Alkhatib Fathy, Allam Mohamed, Swarnakar Vikas, Alsadi Juman, Maalouf Maher
Department of Management Science and Engineering, Khalifa University of Science and Technology, Abu Dhabi, 127781, United Arab Emirates.
Sci Rep. 2025 Jul 9;15(1):24742. doi: 10.1038/s41598-025-10226-4.
This study presents an applied integration of machine learning (ML) within the Process Monitoring for Quality (PMQ) framework to address persistent limitations in traditional quality control systems, particularly their inability to manage high-dimensional and real-time manufacturing data. This research enhances the PMQ framework with a novel Validate phase that introduces human oversight and interpretability into the ML decision-making loop. The modified framework has been implemented in a high-precision automotive component facility. The study relied on various ML algorithms, such as Decision Trees (DT), Random Forest (RF), Gradient Boosting Machine (GBM), Logistic Regression (LR), Support Vector Machine (SVM), and Artificial Neural Networks (ANN), to classify and predict defects in engine valves during manufacturing processes. The findings highlighted that GBM and RF provided the best performance, achieving an F1 score of 0.98 and an AUC of 0.99. Feature importance analyzes identified seat height and undercut diameter as key predictors, reinforcing the relevance of interpretable ML in industrial quality management. Beyond technical accuracy, this work demonstrates how structured human-machine collaboration can foster trust in AI-driven quality control, offering a scalable blueprint for Quality 4.0 adoption.

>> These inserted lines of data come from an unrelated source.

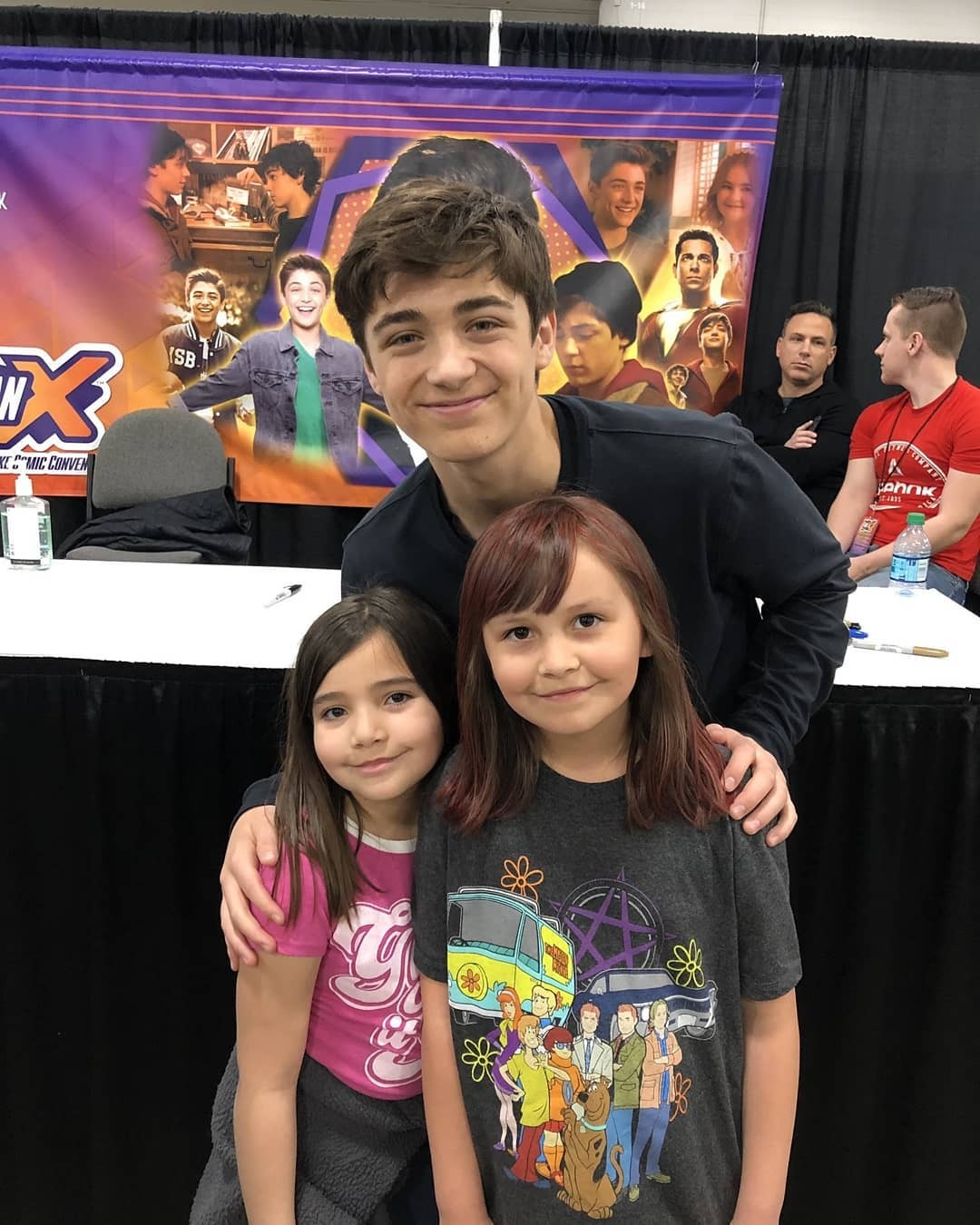 General photo of Asher Angel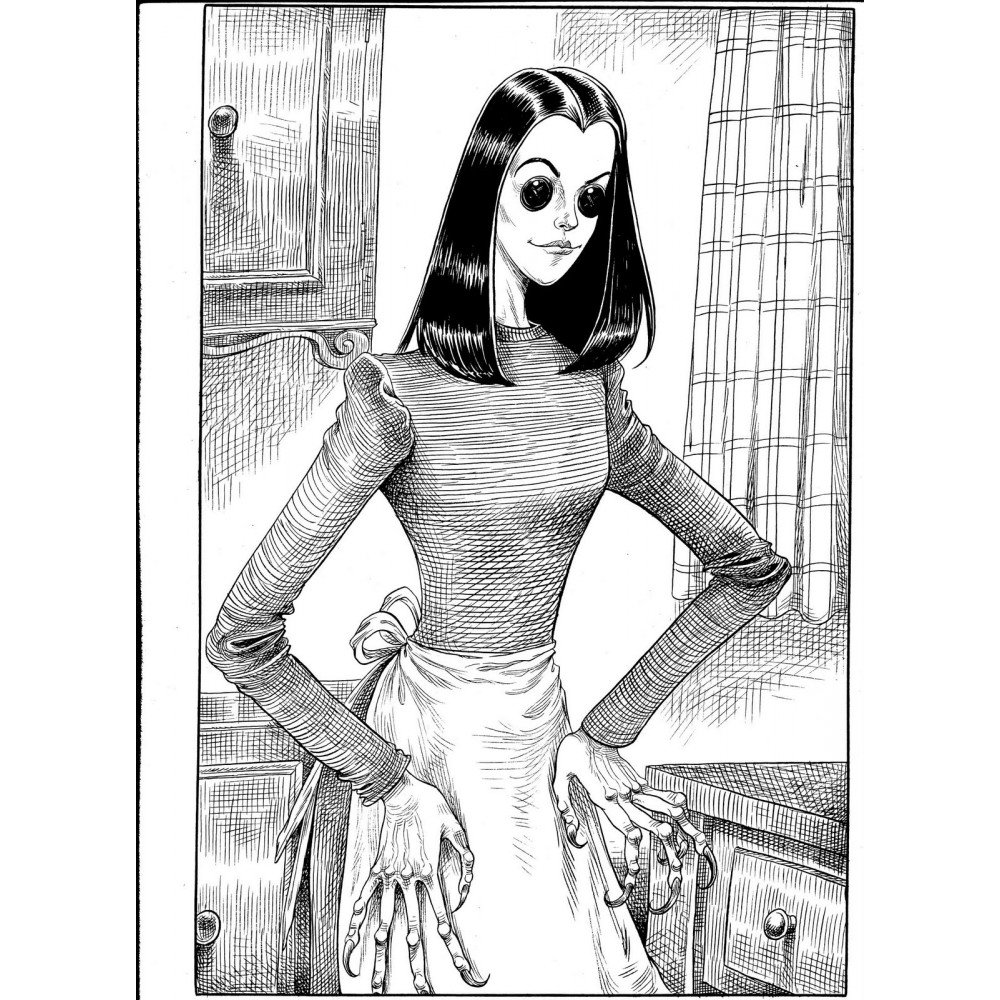 Нил Гейман "Коралина"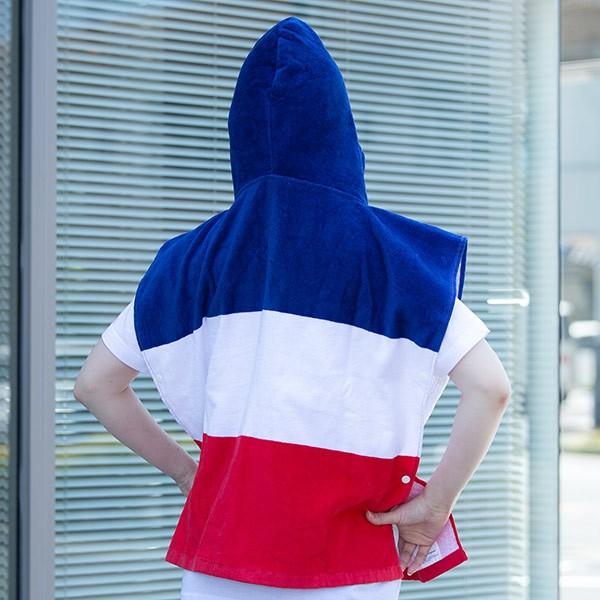 タオルポンチョ フード付きタオル チャンピオン Champion トリコ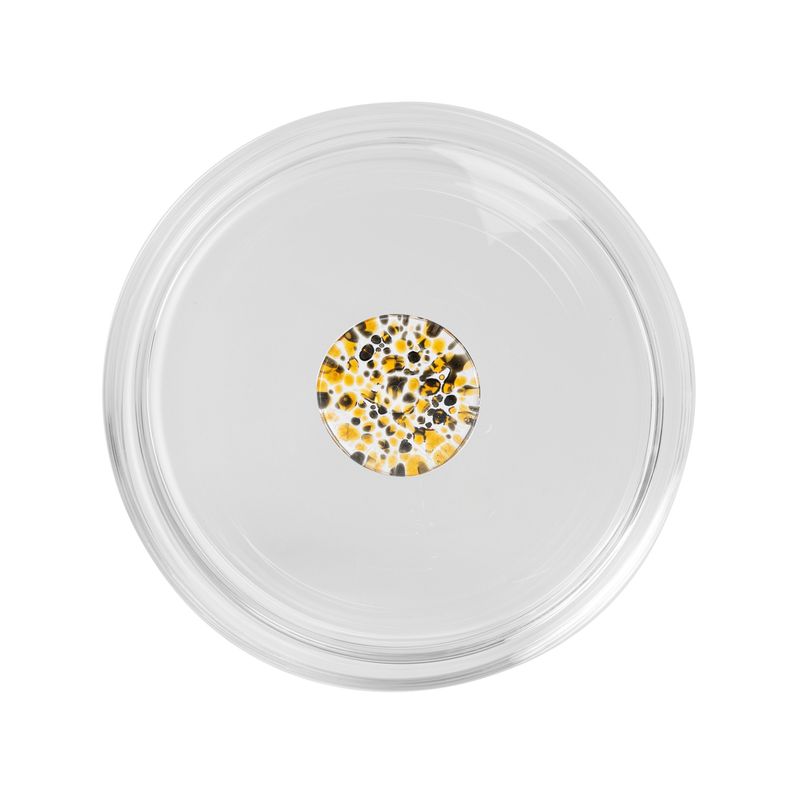 Ciotola 32,5 cl Teca Terrazzo Nero/Ambra - Zafferano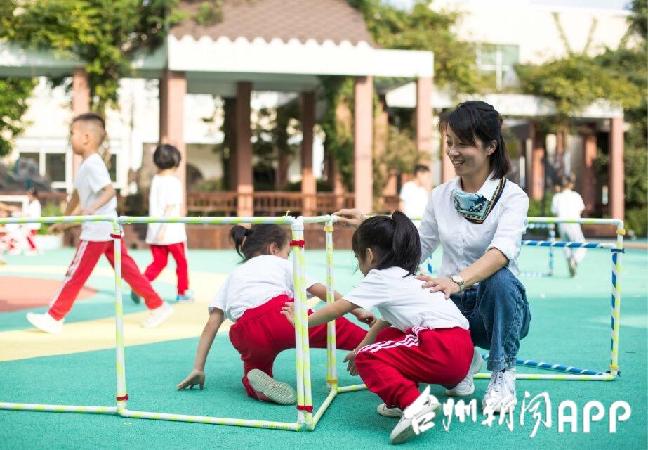 “学生都是我的孩子” ｜记温岭市级机关幼儿园副园长吴景清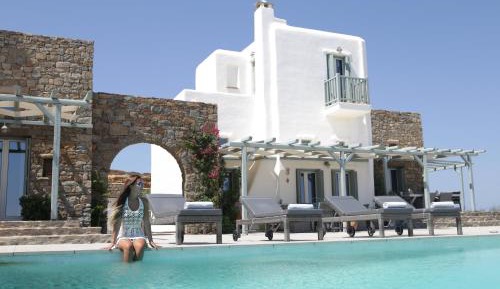 Two-Bedroom Villa with Sea View
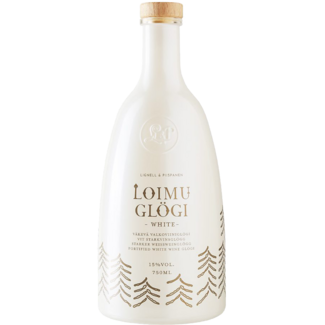 Lignell und Piispanen / Finnland, Kuopio Loimu Glögi White Edition Glühwein 0.75 l 15% vol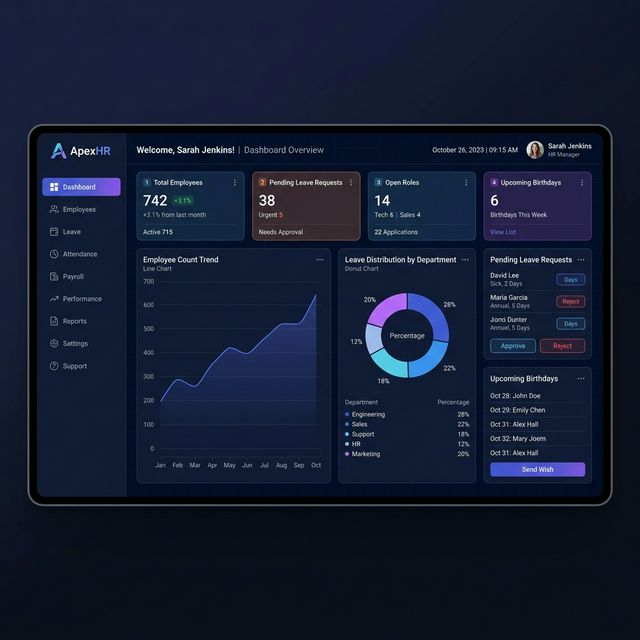 Dashboard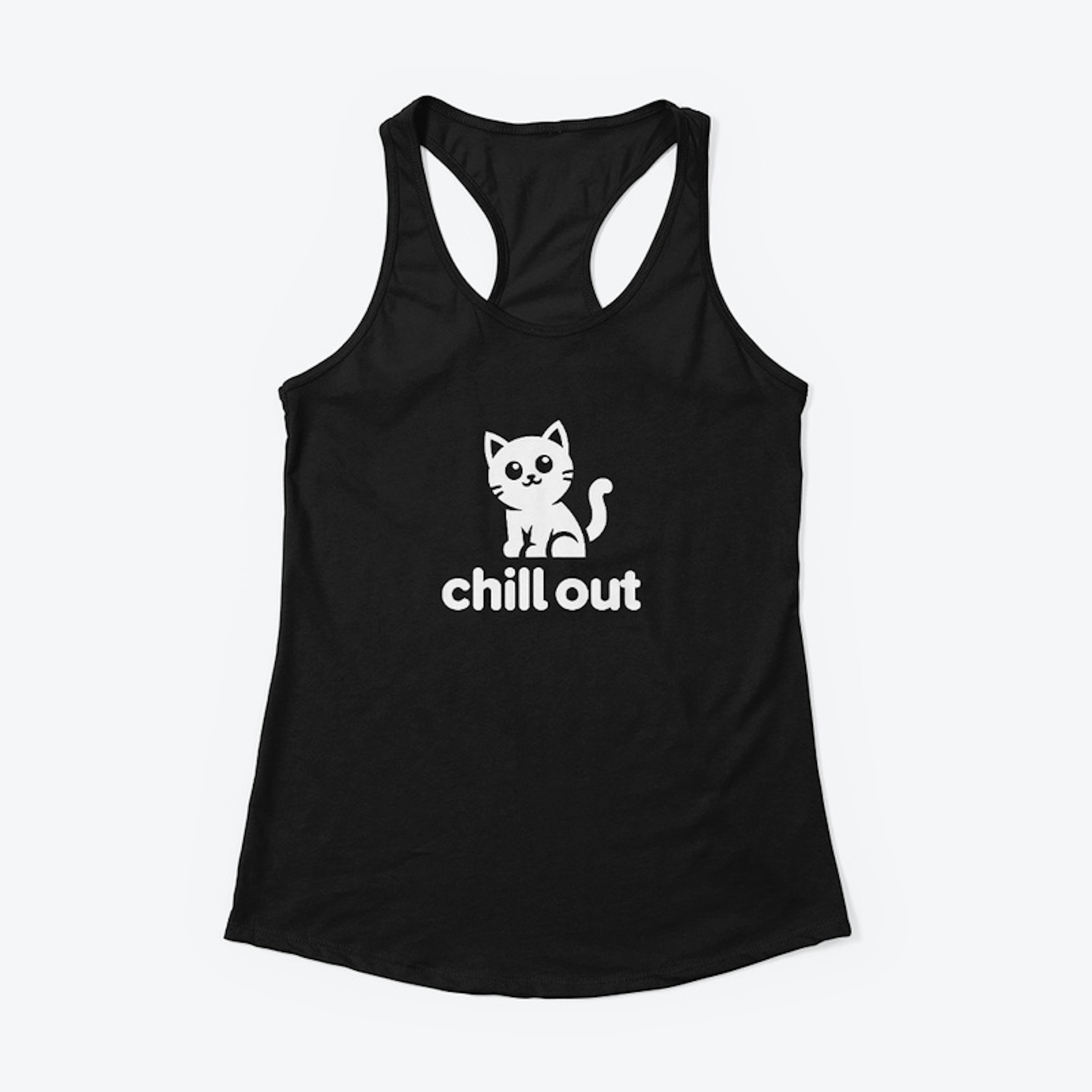 Chillout Cute Cat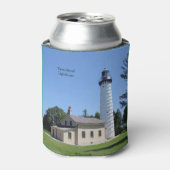 Cana Island Light koelbox Blikjeskoeler (Blikje Voorkant)
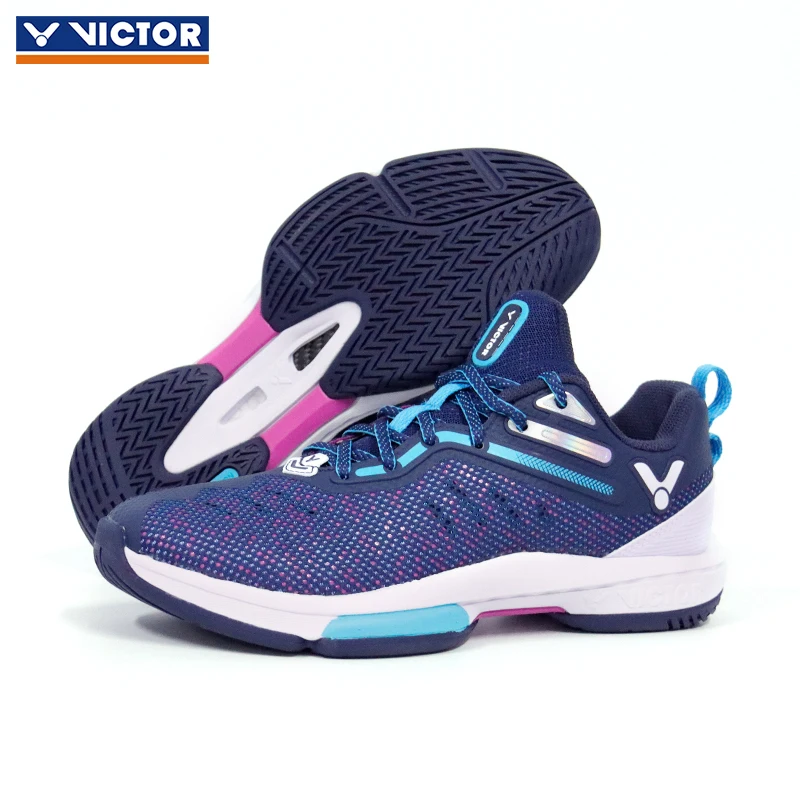 new Victor Badminton Shoes For Men women Breathable High Elastic Non-slip Sports running Sneakers tennis P9600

The findings contribute to academic literature and industrial practice by bridging conceptual frameworks and real-world implementation strategies for AI-enhanced quality assurance.
本研究提出了一种在质量过程监控(PMQ)框架内应用机器学习(ML)的方法,以解决传统质量控制系统中存在的长期局限性,特别是其无法管理高维实时制造数据的问题。本研究通过一个新颖的验证阶段增强了PMQ框架,该阶段将人工监督和可解释性引入到ML决策循环中。改进后的框架已在一家高精度汽车零部件工厂实施。该研究依靠各种ML算法,如决策树(DT)、随机森林(RF)、梯度提升机(GBM)、逻辑回归(LR)、支持向量机(SVM)和人工神经网络(ANN),对发动机气门制造过程中的缺陷进行分类和预测。研究结果表明,GBM和RF表现最佳,F1分数达到0.98,AUC为0.99。特征重要性分析确定座高和底切直径是关键预测因素,强化了可解释ML在工业质量管理中的相关性。除了技术准确性,这项工作还展示了结构化的人机协作如何促进对人工智能驱动的质量控制的信任,为采用质量4.0提供了一个可扩展的蓝图。这些发现通过将人工智能增强质量保证的概念框架与实际实施策略联系起来,为学术文献和工业实践做出了贡献。